Trucker Ordered Off the Road by FMCSA Following Fatal Crash
February 12, 2014
Following a Jan. 27 crash killing an Illinois Tollway worker and seriously injuring an Illinois State Police trooper, the Federal Motor Carrier Safety Administration has declared Illinois-licensed truck driver Renato V. Velasquez to be an imminent hazard to public safety and ordered him not to operate any commercial motor vehicle in interstate commerce.
FMCSA investigators found that prior to the crash, Velasquez violated federal hours-of-service regulations prohibiting commercial truck drivers from driving for more than 11 hours each shift or remaining on-duty after 14 hours of work. The agency says he also falsified his logbooks with the intent of concealing the number of hours he worked.
The investigators concluded that for a period of 26-hours during Jan. 26-27, Velasquez operated a tractor-trailer for approximately 1,000 miles, only resting between 3-1/2 to 5-1/2 hours, well short of the federally required rest period. Before reaching his last scheduled stop, Velasquez crashed into two fully illuminated stationary vehicles, an Illinois State Police car with its emergency lights activated and an Illinois Tollway vehicle with an activated warning arrow, outside of Naperville, Ill., causing the fatality and life-threatening injury.

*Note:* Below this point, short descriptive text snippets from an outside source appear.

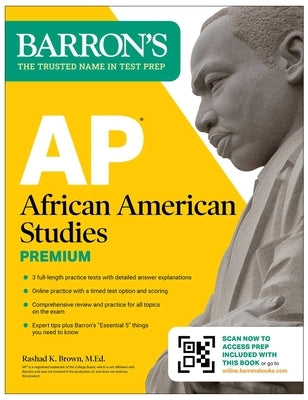 AP African American Studies Premium, First Edition: Prep Book with 3 Practice Tests + Comprehensive Review + Online Practice (2026) by Brown, Rashad K.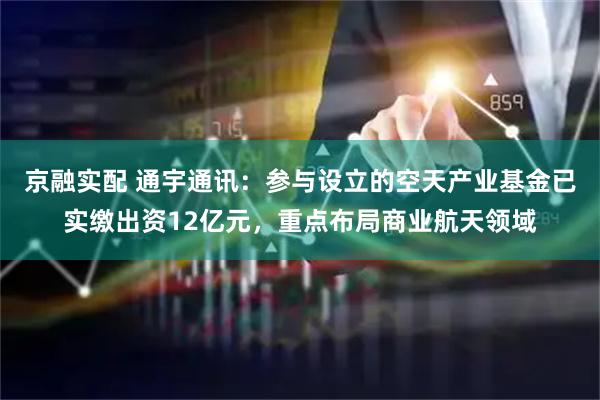 京融实配 通宇通讯：参与设立的空天产业基金已实缴出资12亿元，重点布局商业航天领域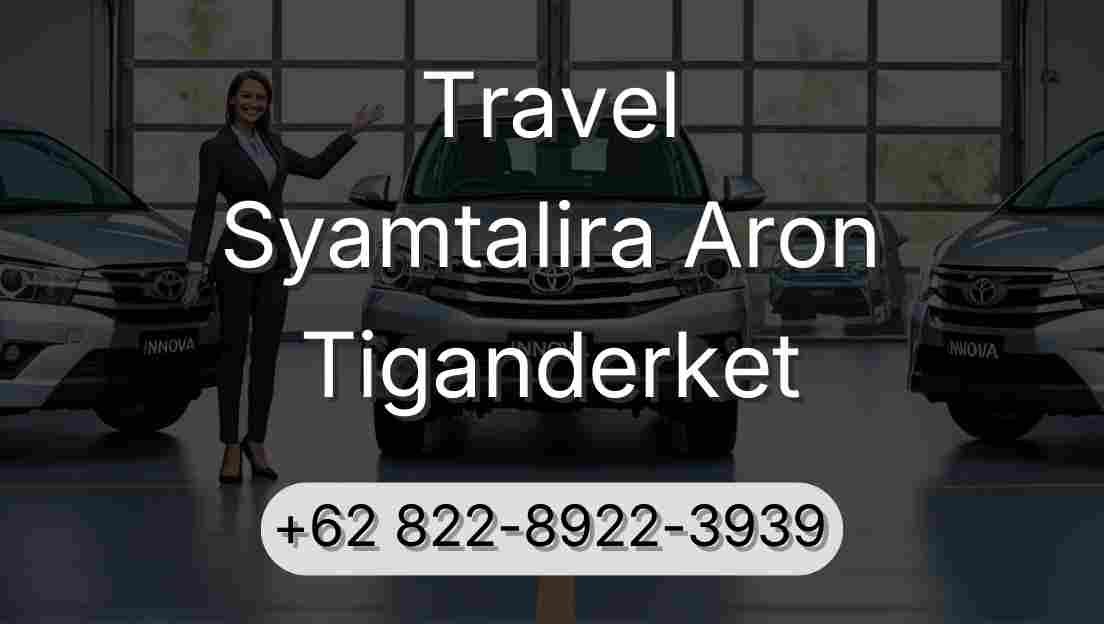 Travel Syamtalira Aron Tiganderket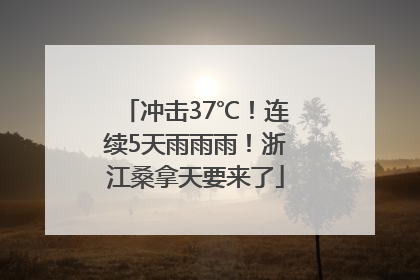 冲击37℃！连续5天雨雨雨！浙江桑拿天要来了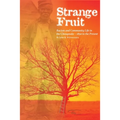 Strange Fruit: Racism and Community Life in the Chesapeake-1850 to the Present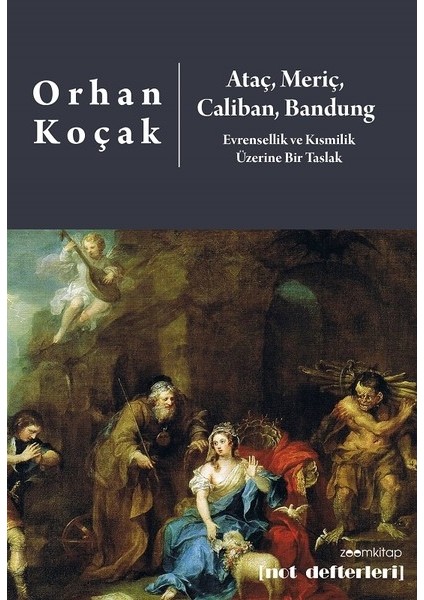 Ataç, Meriç, Caliban, Bandung-Evrensellik ve Kısmilik Üzerine Bir Taslak - Orhan Koçak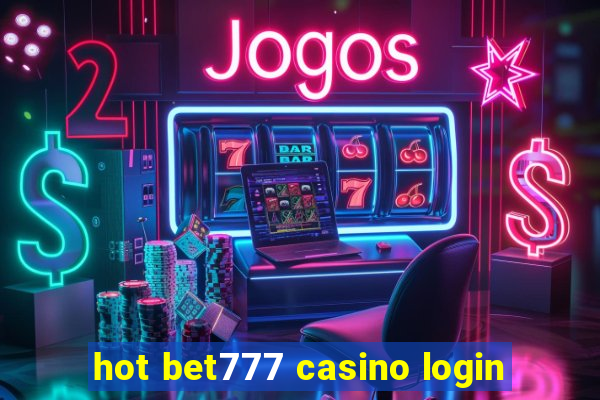 hot bet777 casino login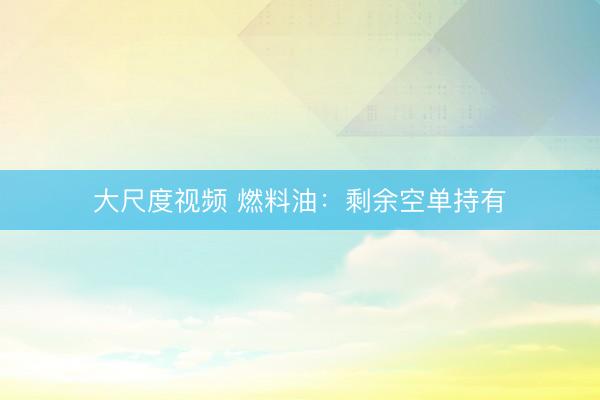 大尺度视频 燃料油：剩余空单持有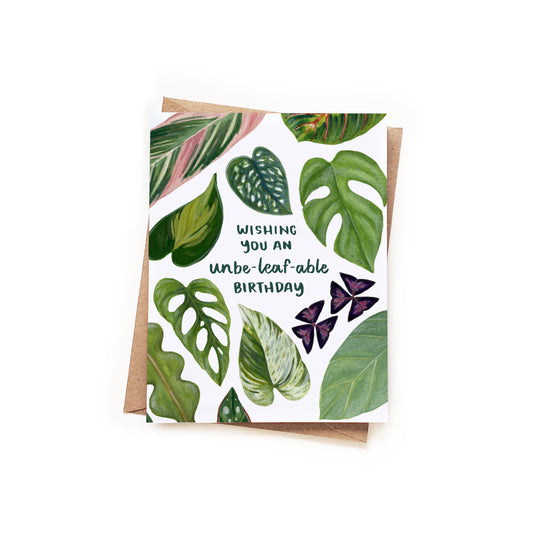 Unbe-leaf-able Birthday Card
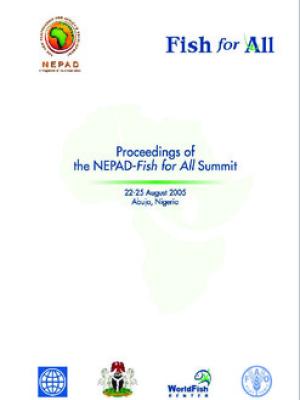 Proceedings of the NEPAD: Fish for All summit, 22-25 Aug 2005. Abuja, Nigeria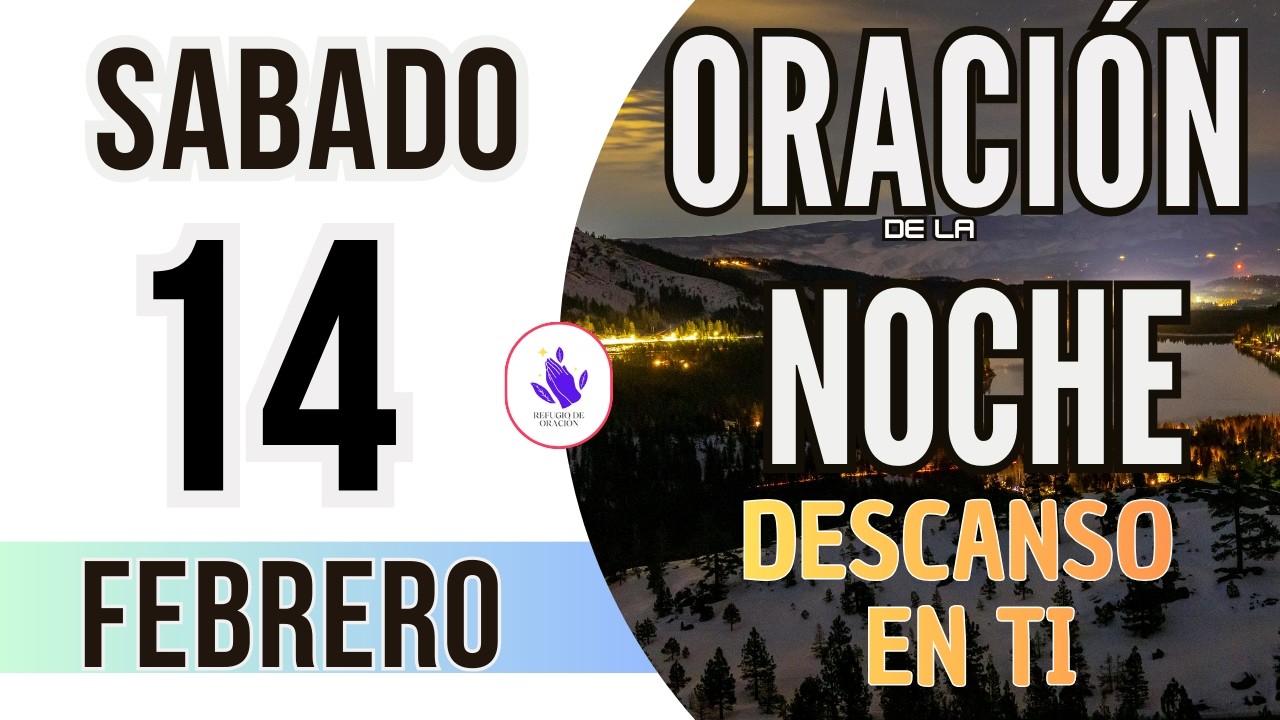 🌙Oración de la Noche de Hoy Sabado 14 de Febrero 2026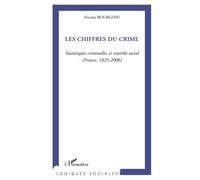 Les chiffres du crime: Statistiques criminelles et contrôle social (France, 1825-2006)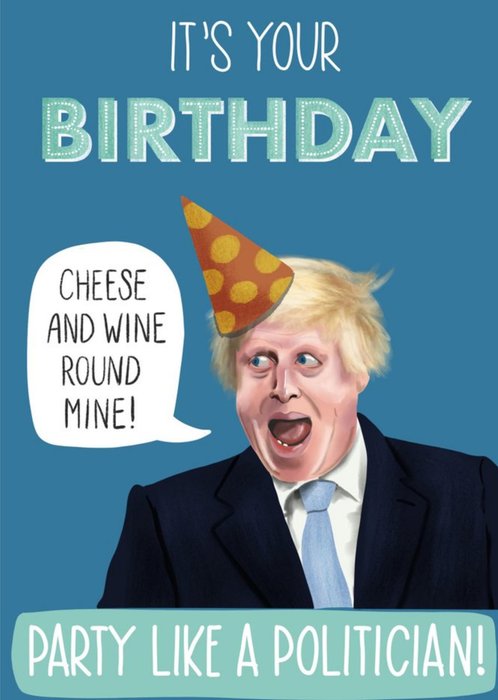 Party Like A Politician Funny Illustration Birthday Card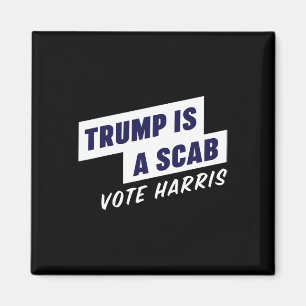 Trump är en Scab - Vote Harris 2024 Magnet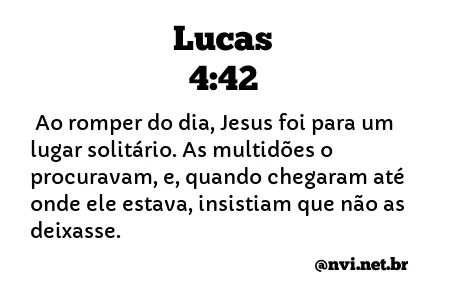 LUCAS 4:42 NVI NOVA VERSÃO INTERNACIONAL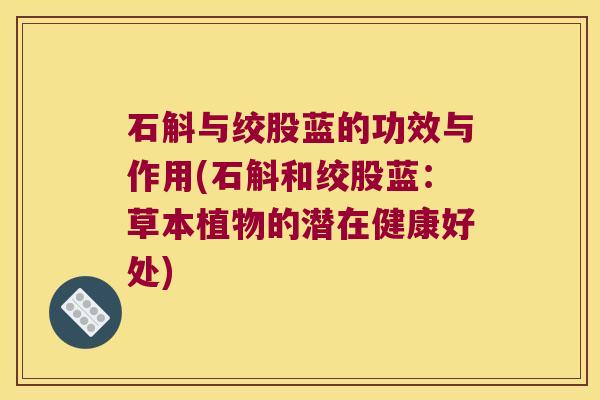 石斛与绞股蓝的功效与作用(石斛和绞股蓝：草本植物的潜在健康好处)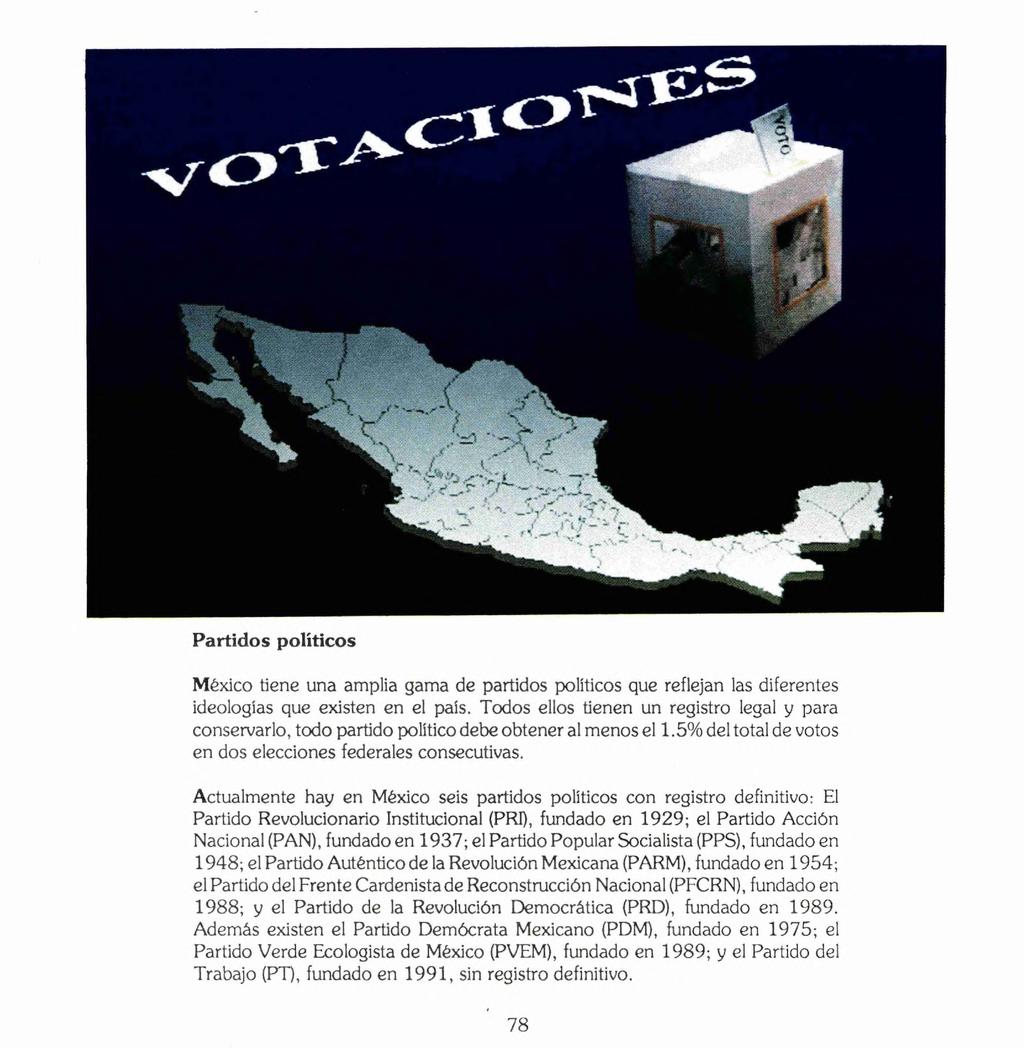 Partidos políticos México tiene una amplia gama de partidos políticos que reflejan las diferentes ideologías que existen en el país.
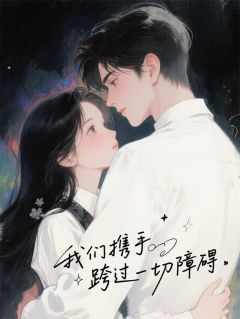 《我们携手跨过一切障碍》小说章节列表在线阅读 林未晞江烬苏晴小说全文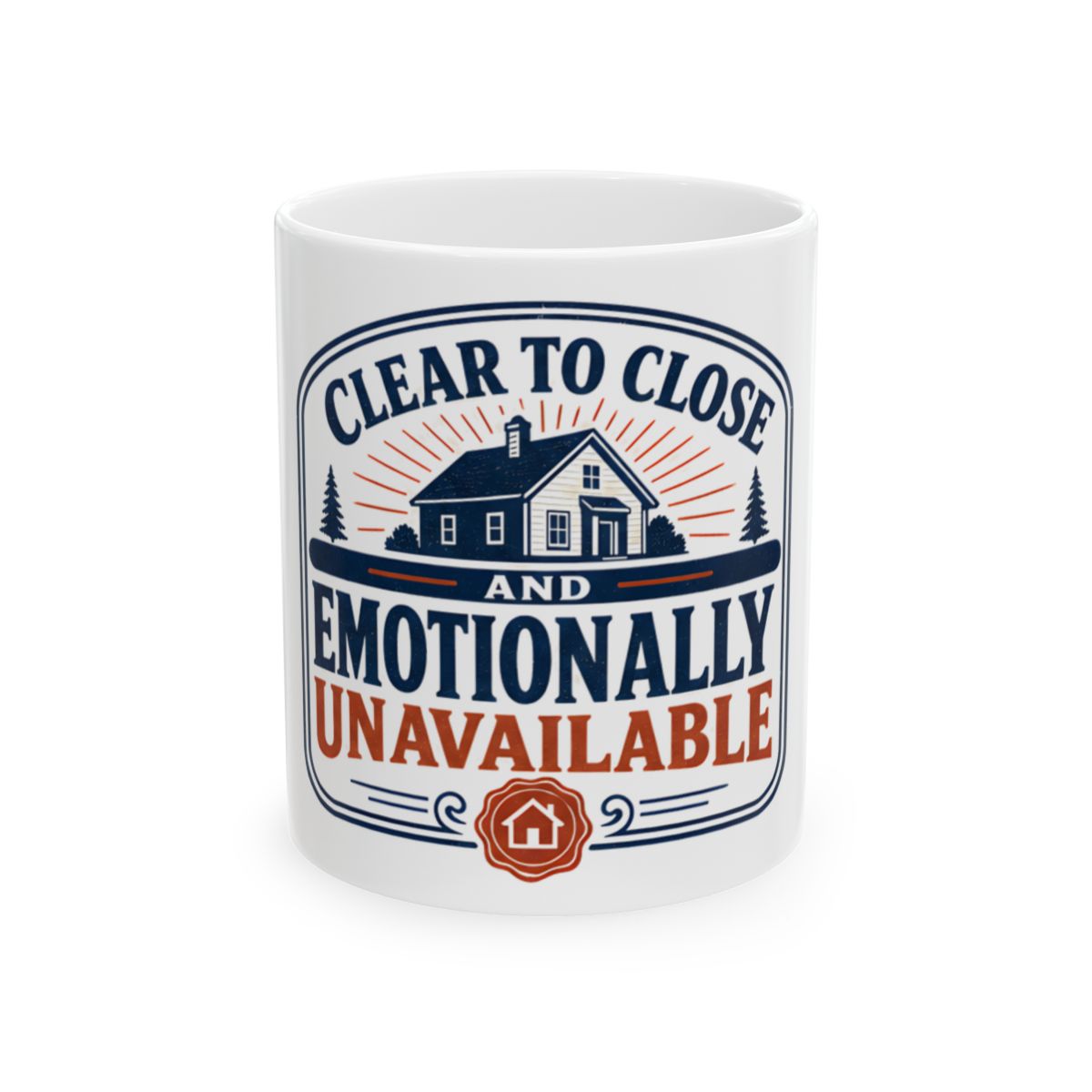 CLEAR TO CLOSE AND EMOTIONALLY UNAVAILABLE Mug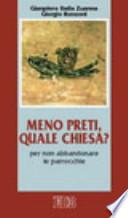 Meno preti, quale Chiesa? Per non abbandonare le parrocchie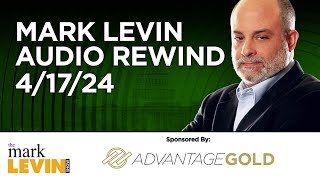 Mark Levin Audio Rewind  41724 [upl. by Enom]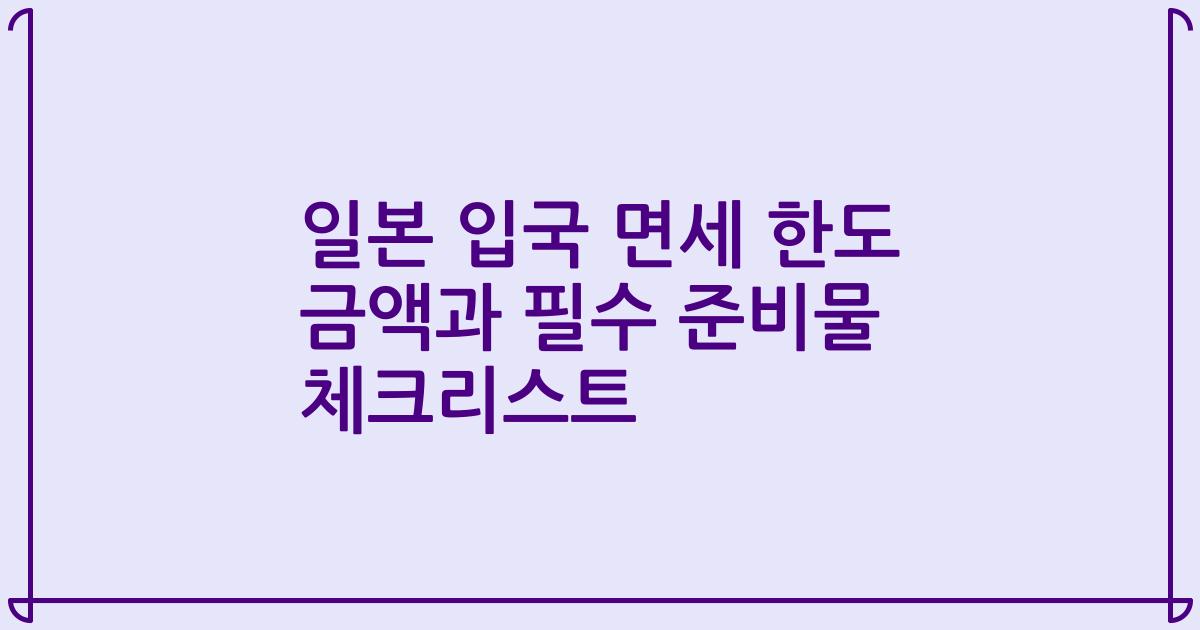 일본 입국 면세 한도 금액과 필수 준비물 체크리스트
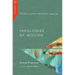 Intercultural Theology, Volume Two: Theologies of Mission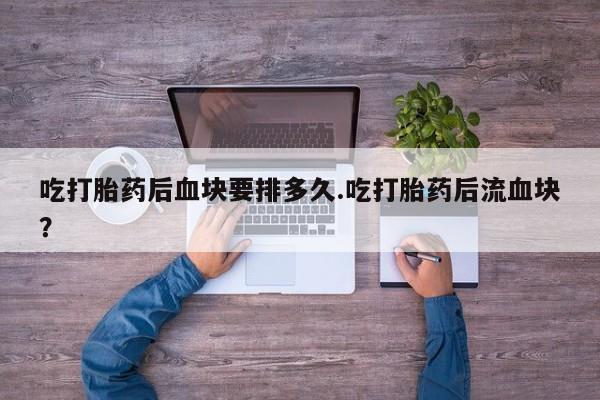打胎药在线付款吃打胎药后血块要排多久.吃打胎药后流血块？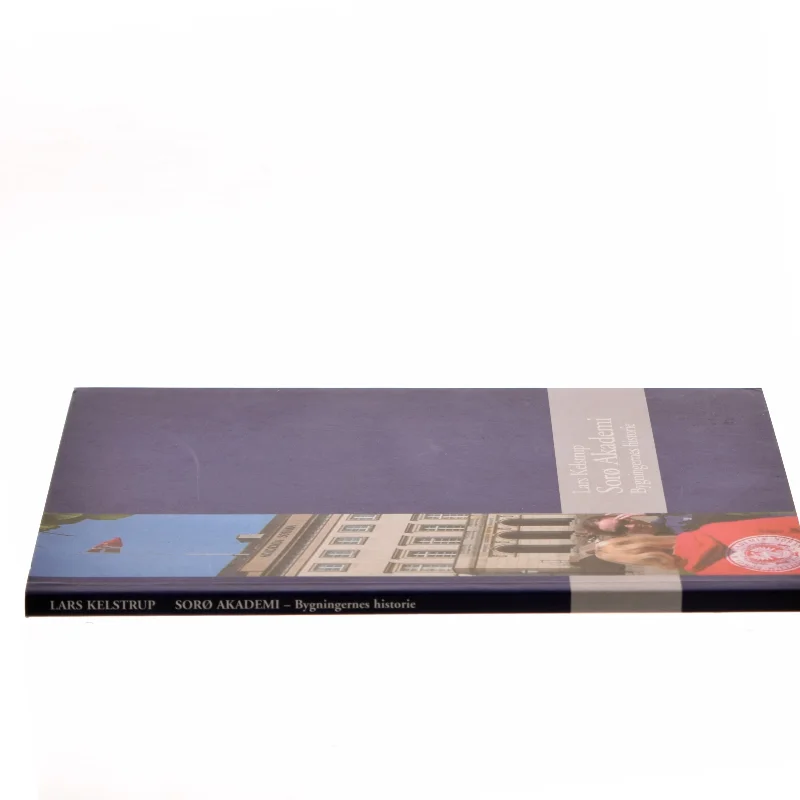 Sorø Akademi: Bygningernes historie af Lars Kelstrup (Bog)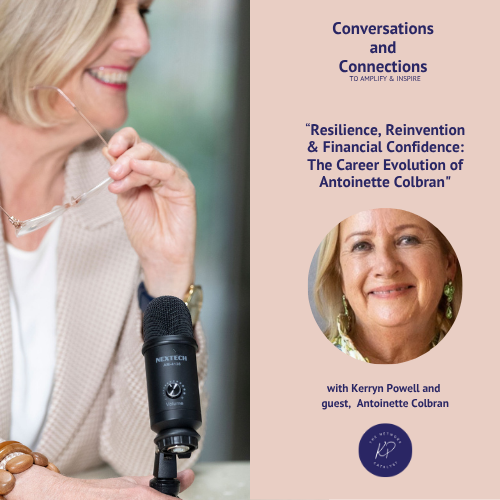 Resilience, Reinvention &amp; Financial Confidence: The Career Evolution of Antoinette Colbran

Velasquez has been charged by Illinois authorities with multiple felony violations. The investigation remains open.
According to published reports Velasquez was convicted in 2001 of selling cocaine to an undercover police officer that resulted in serving time in prison while his driving record shows at least three traffic convictions from 2010 through 2012, with at least two of them happening in a commercial vehicle, though none were as serious as the Jan. 27 crash.
The company that Velasquez also reportedly has a spotty safety record with just over 40 trucks including being involved six crashes the last two years.